=== TASK DIRECTIONS ===
Give back all of the data exactly as it stands, with the pictures removed.

=== INFORMATION PROVIDED ===
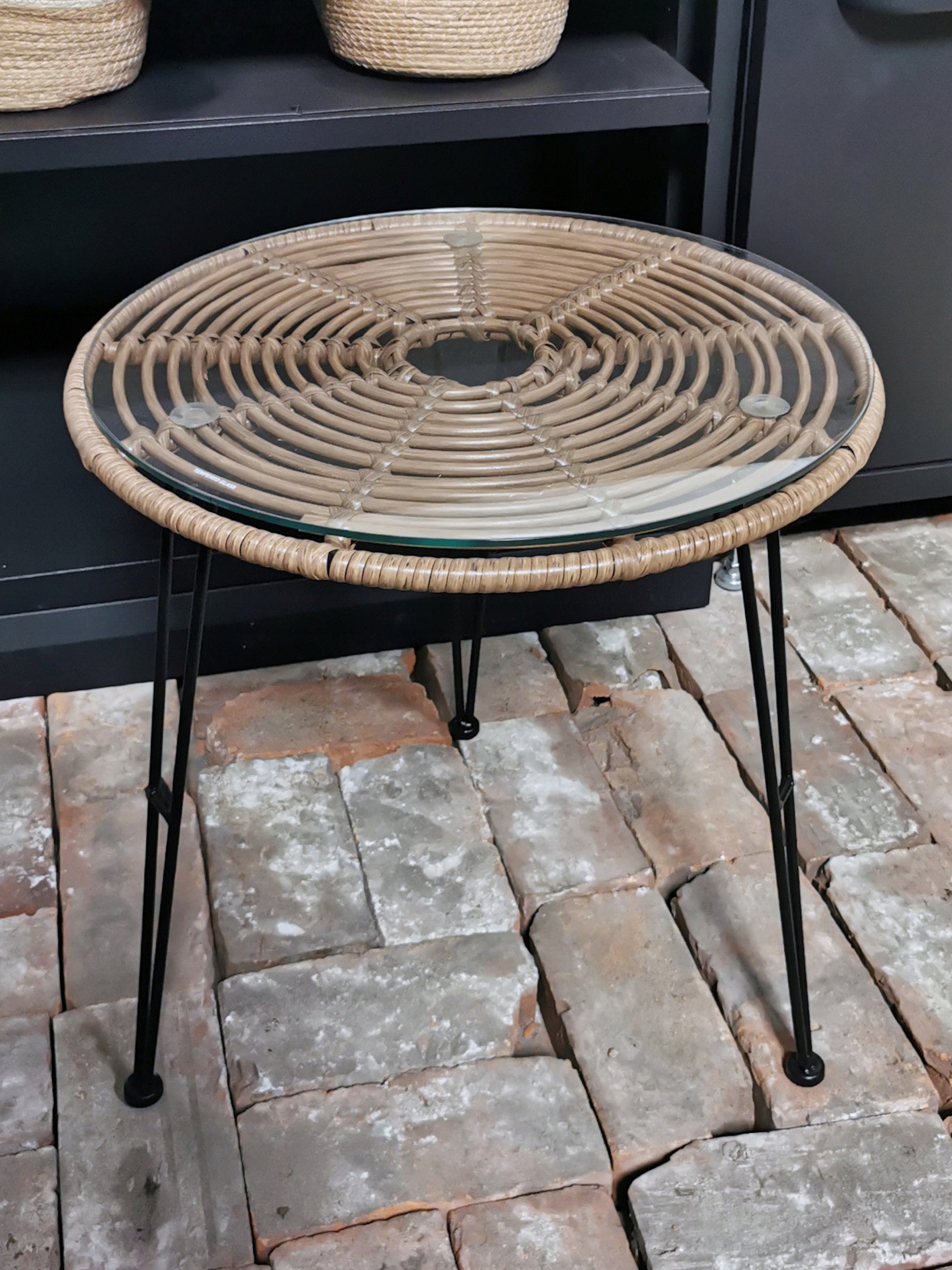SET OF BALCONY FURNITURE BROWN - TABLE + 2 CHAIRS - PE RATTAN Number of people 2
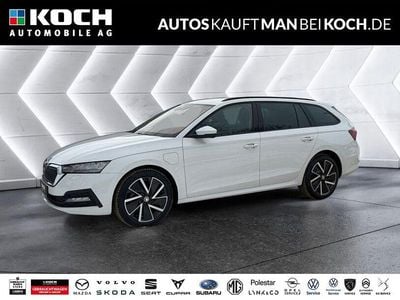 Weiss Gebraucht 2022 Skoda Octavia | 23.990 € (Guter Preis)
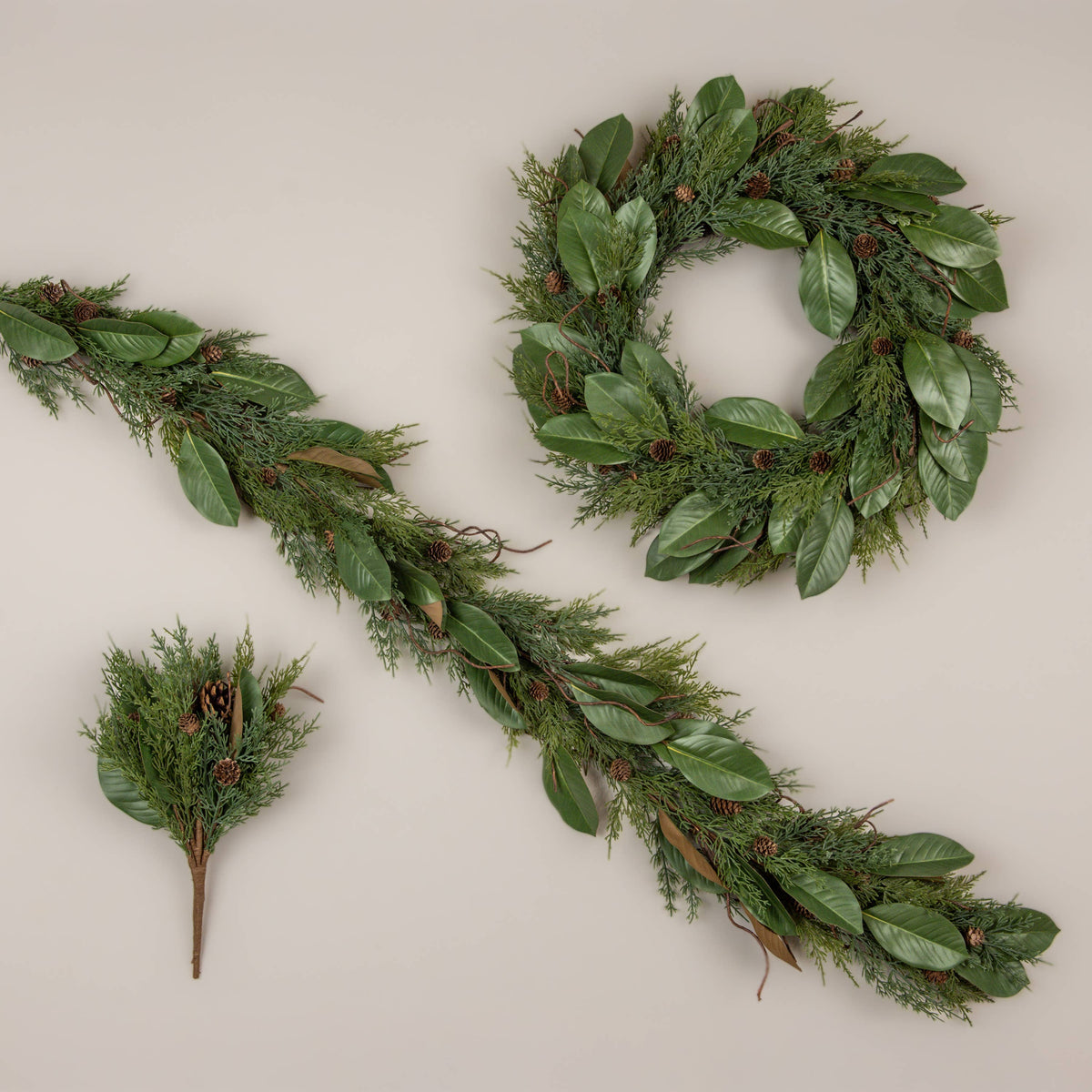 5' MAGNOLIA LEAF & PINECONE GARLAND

=== EXERCISE SOLUTION ===
SET OF BALCONY FURNITURE BROWN - TABLE + 2 CHAIRS - PE RATTAN Number of people 2
 Weiss Gebraucht 2022 Skoda Octavia | 23.990 € (Guter Preis)
 5' MAGNOLIA LEAF & PINECONE GARLAND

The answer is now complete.